Study Diagnostics

The SelfControlledCohort package includes a suite of diagnostics that evaluate whether the assumptions of the Self-Controlled Cohort (SCC) design hold for a given analysis. These diagnostics run automatically when runDiagnostics = TRUE and determine whether study results should be unblinded (viewed) or kept blinded until issues are resolved.

This vignette describes each diagnostic, the assumption it checks, and how results are interpreted.

Overview

Four core diagnostics are available to assess the validity of the SCC analysis.

Diagnostic Name Assumption Tested Default Threshold
MDRR Adequate statistical power MDRR <= 10.0
PRE_EXPOSURE Correct temporal ordering Rate Ratio <= 1.0, p > 0.05
EVENT_DEPENDENT_OBSERVATION Non-informative censoring Proportion <= 10%
EASE Low systematic error EASE <= 0.25

Default thresholds are available via getDefaultDiagnosticThresholds():

library(SelfControlledCohort)
str(getDefaultDiagnosticThresholds())
#> List of 6
#>  $ mdrrMaxAcceptable         : num 10
#>  $ maxPreExposureProportion  : num 0.05
#>  $ preExposurePThreshold     : num 0.05
#>  $ maxEventDependentCensoring: num 0.25
#>  $ minEventsPerWindow        : num 3
#>  $ easeMaxAcceptable         : num 0.25

Minimum Detectable Relative Risk (MDRR)

What it checks

The MDRR quantifies the smallest rate ratio the study has 80% power to detect at alpha = 0.05. A high MDRR indicates that only very large effects would be detected — the study is underpowered.

Method

The calculation uses the Musonda (2006) Signed Root Likelihood (SRL1) method, which is specifically designed for self-controlled designs.

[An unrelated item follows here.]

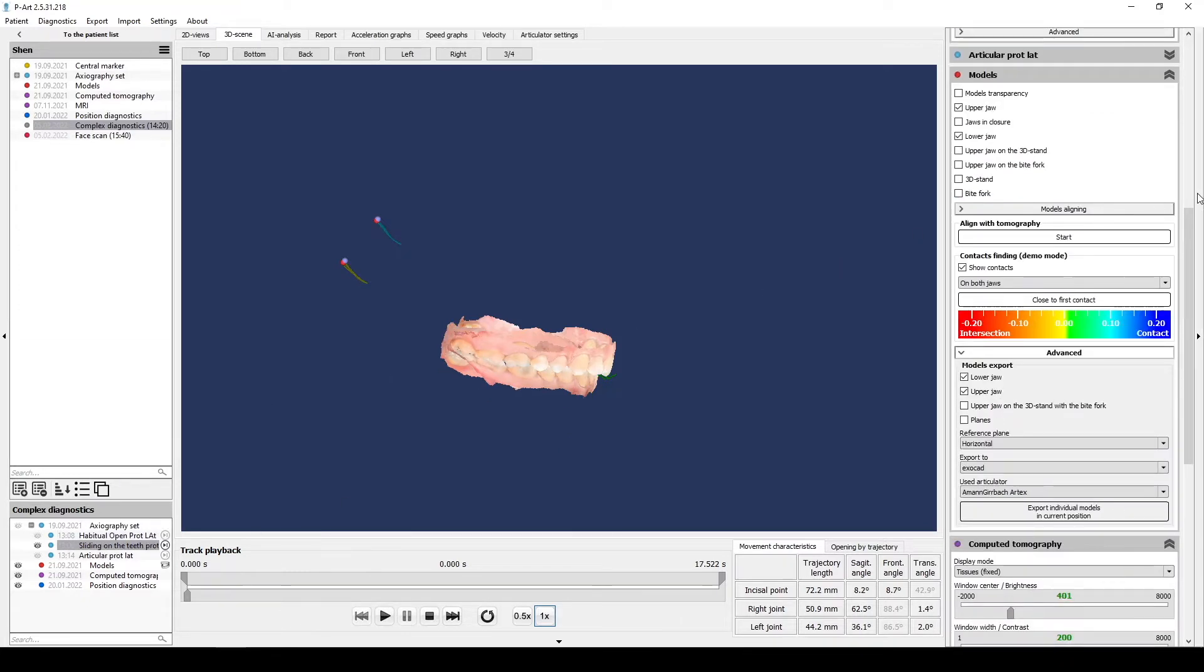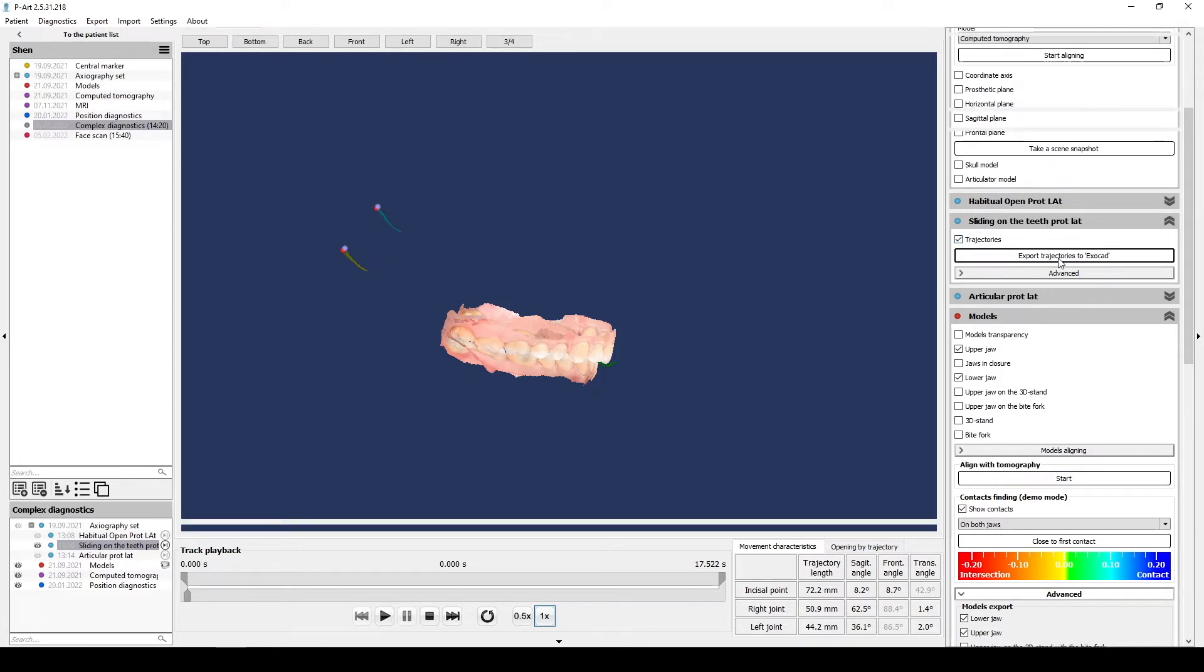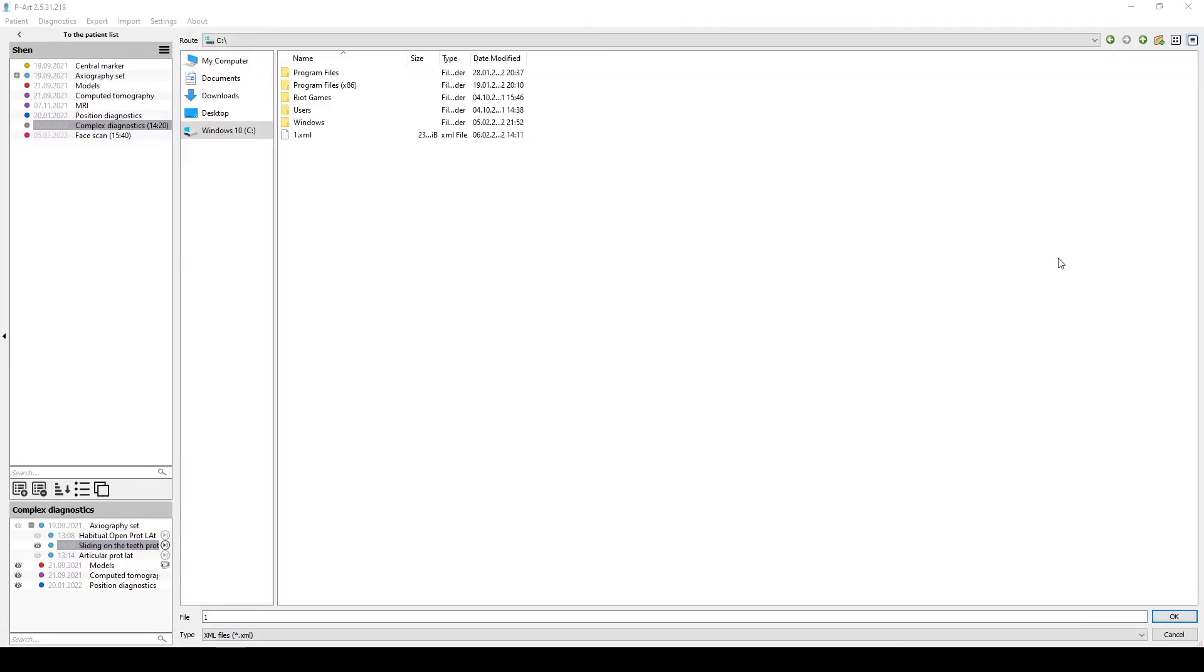Select a needed trajectory and click Export trajectory to ExoCAD. Select the location where you want to save the file and save it in XML format.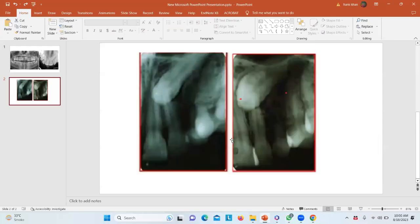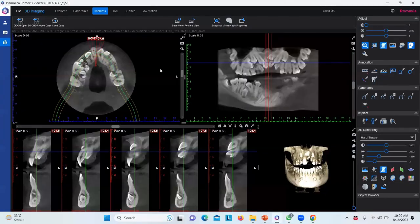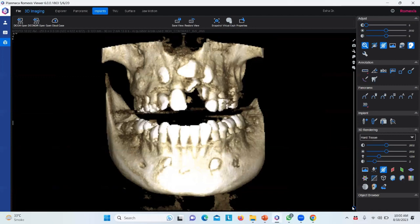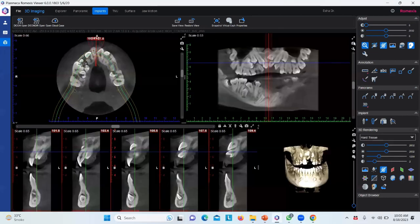Now for CBCTs. In exams, they typically show cross cuts and ask about root resorption. While people can locate canines in CBCT easily, root resorption interpretation on cross cuts is more difficult. In the May 2023 exam, one station showed a cross cut and asked in which position the canine was causing root resorption.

It finds the rate ratio satisfying the target power (80%) given the observed person-time and event counts in exposed and unexposed windows.

Interpretation

  • MDRR <= 10.0 -> Pass. The study has sufficient power to detect clinically relevant effects.
  • MDRR > 10.0 -> Fail. The study can only detect very large effects, and estimates may be unreliable.
  • MDRR = NA -> Fail. Occurs when there are zero events or zero person-time.

Example

# Well-powered study
computeMdrrForRateRatio(
  exposedPersonTime = 50000,
  unexposedPersonTime = 150000,
  exposedEvents = 40,
  unexposedEvents = 90
)

# Underpowered study (SRL1 solver returns NA if power cannot be met)
computeMdrrForRateRatio(
  exposedPersonTime = 500,
  unexposedPersonTime = 1500,
  exposedEvents = 3,
  unexposedEvents = 7
)

Role in blinding

MDRR is the only diagnostic that affects Tier 2 (UNBLIND) but not Tier 1 (UNBLIND_FOR_CALIBRATION). This means a low-powered study can still serve as a negative control for empirical calibration, even if its point estimate should not be viewed directly.

Pre-Exposure Gain

What it checks

This diagnostic detects whether outcomes occur before the exposure start date at a rate higher than expected. In a properly specified SCC analysis, outcomes should not systematically precede exposure.

Why it matters

Pre-exposure outcomes suggest one or more of:

  • Confounding by indication — the outcome (or a related condition) prompted the exposure.
  • Misspecified cohort definitions — the exposure definition accidentally captures outcome events or vice versa.
  • Data quality issues — incorrect temporal ordering in the source data.

Method

The diagnostic is performed using a high-performance SQL query that aggregates counts directly in the database. For each target-outcome pair:

  1. Count the number of outcome events occurring in the window before exposure_start_date and the window after.
  2. Calculate the corresponding person-time for both windows across all individuals.
  3. Run a one-sided rate ratio test using rateratio.test::rateratio.test.

Interpretation

The diagnostic emits two rows: PRE_EXPOSURE_RATE_RATIO and PRE_EXPOSURE_P_VALUE.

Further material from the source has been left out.